Los Angeles Times
July 21, 2005
'Bumpy' Kanahele has carved out an Oahu village where native values reign. Many see it as a steppingstone to the goal of sovereignty.
By Tomas Alex Tizon Times Staff Writer
WAIMANALO, Hawaii — From Honolulu, it takes an hour to drive here, heading north over dagger-like mountains and then east through rolling farm country to the outermost corner of the island known by some as the Hawaiians' Hawaii.
Tour buses circling the island don't stop here except to gas up.
Those who step off the bus won't find hula dancers greeting them with leis, or five-star hotels, or even two-star ones. They'll find a sleepy, rough-edged, working-class town of 10,000 people, some of whom don't like tourists and don't mind saying so.
"Haole, go home!" and variations of whites-aren't-welcome are occasionally shouted from front porches as a reminder that this isn't Waikiki. It's a different world. Locals rule here.
Half the residents are native Hawaiians, and many more are part Hawaiian. This is a place where Hawaiian is taught as a first language in some schools and spoken among neighbors, a place where it is widely held that Hawaii was stolen by the United States and that someday these lands will return to the Kanaka Maoli, the ancient Polynesians who settled the islands.
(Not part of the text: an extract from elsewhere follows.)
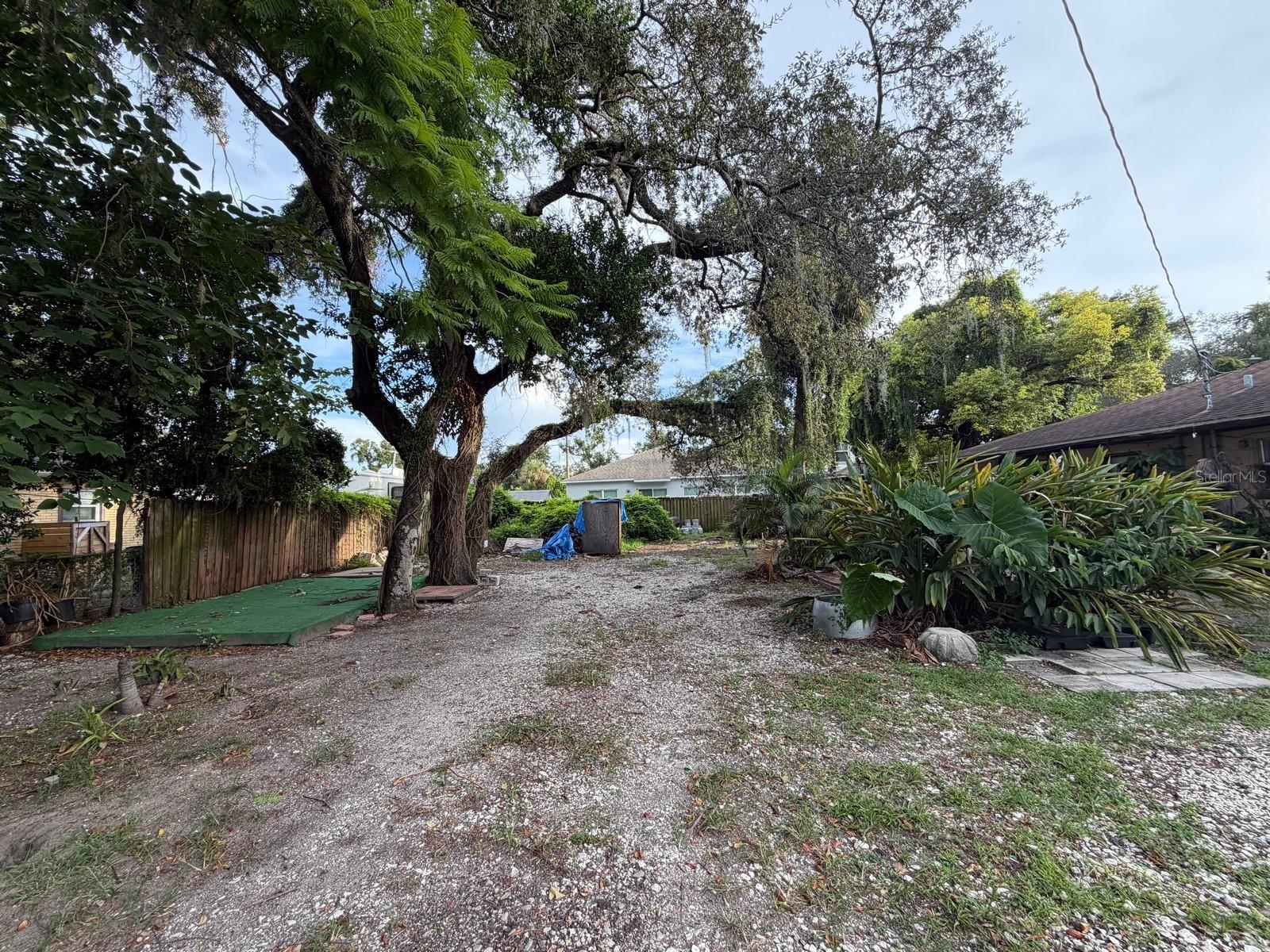 3801 E OSBORNE AVE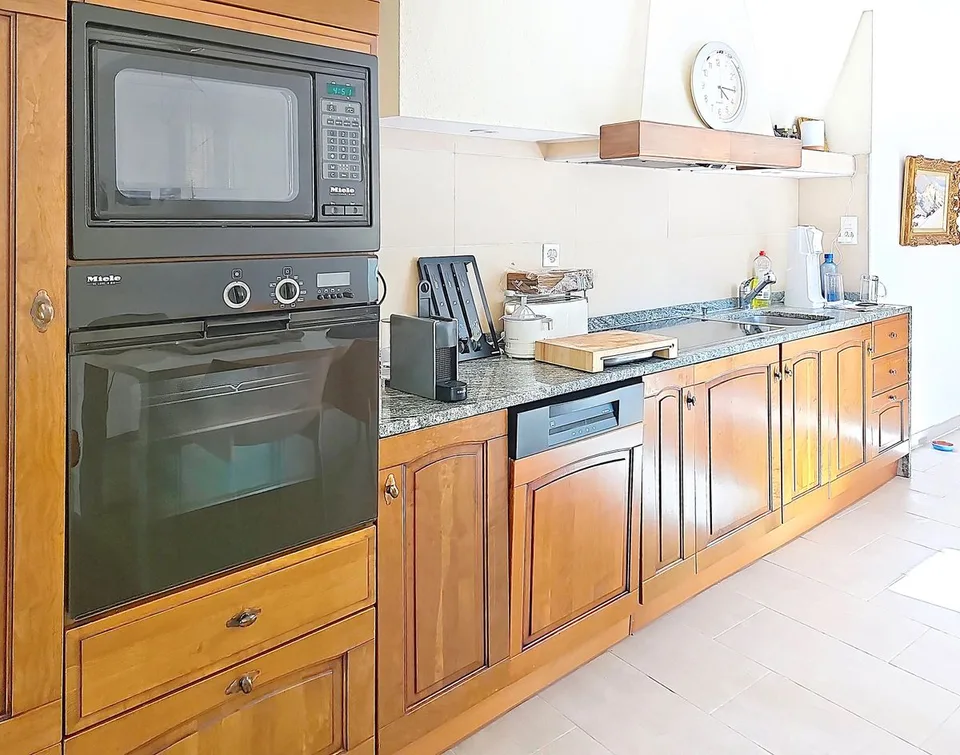 EDIFICIO PER INVESTIMENTO IMMOBILIARE - OTTIME CONDIZIONI VICINO A PAYERNE ED ESTAVAYER (FR)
Scattered throughout Waimanalo's neighborhoods are state flags hanging upside-down, a symbol of defiance. In this corner of Oahu, Hawaiian sovereignty — a government of Hawaiians for Hawaiians — isn't just a tropical dream. The people have seen a version of it materialize before their eyes.
In the foothills above town, there is a village unlike any other in Hawaii. It's called Pu'uhonua o Waimanalo ("Refuge of Waimanalo"), a community of 80 native Hawaiians living communally on 45 acres. If Waimanalo is a stronghold of Hawaiian sovereignty, the village is its spiritual center.
Some people refer to it as "Bumpy's town," named after the 300-pound, tattooed, activist ex-con who negotiated the village into existence — wrangling with the state's most powerful politicians — more than a decade ago.
Dennis "Bumpy" Kanahele, 51, is a descendant of King Kamehameha I and bears some of the warrior's physical presence. When asked how far removed he was from the king, Kanahele thought for a moment, then lifted a massive leg onto a nearby table. He studied a row of blue and red triangular markings tattooed on his calf.
"Eleven generations, brah," he said matter-of-factly. If Kamehameha were here today, he said, the king would be uniting his people as he did two centuries ago.
Kanahele is a folk hero in these parts. He did what no other Hawaii activist had done: carved out a little kingdom within a kingdom, allowing natives to live by their own rules and revive the ways of the Kanaka Maoli. For many locals, the village represents the most tangible gain in more than 30 years of agitating for Hawaiian sovereignty.
When the movement first emerged in the 1970s, even native Hawaiians were skeptical.
"I didn't think it could happen myself, but people like Bumpy made us see it could," said Sandra Barney, 59, a native Hawaiian from Kaneohe Bay who has known Kanahele since he was a young man. "The proof is here. Bumpy stuck his neck out. I thought they were going to chop it. Now there's a village in the mountains."
The idea of sovereignty has become part of Hawaii's mainstream consciousness, with the state's most powerful political leaders — Republican Gov. Linda Lingle and Democratic Sens. Daniel K. Inouye and Daniel K. Akaka — supporting some version of it.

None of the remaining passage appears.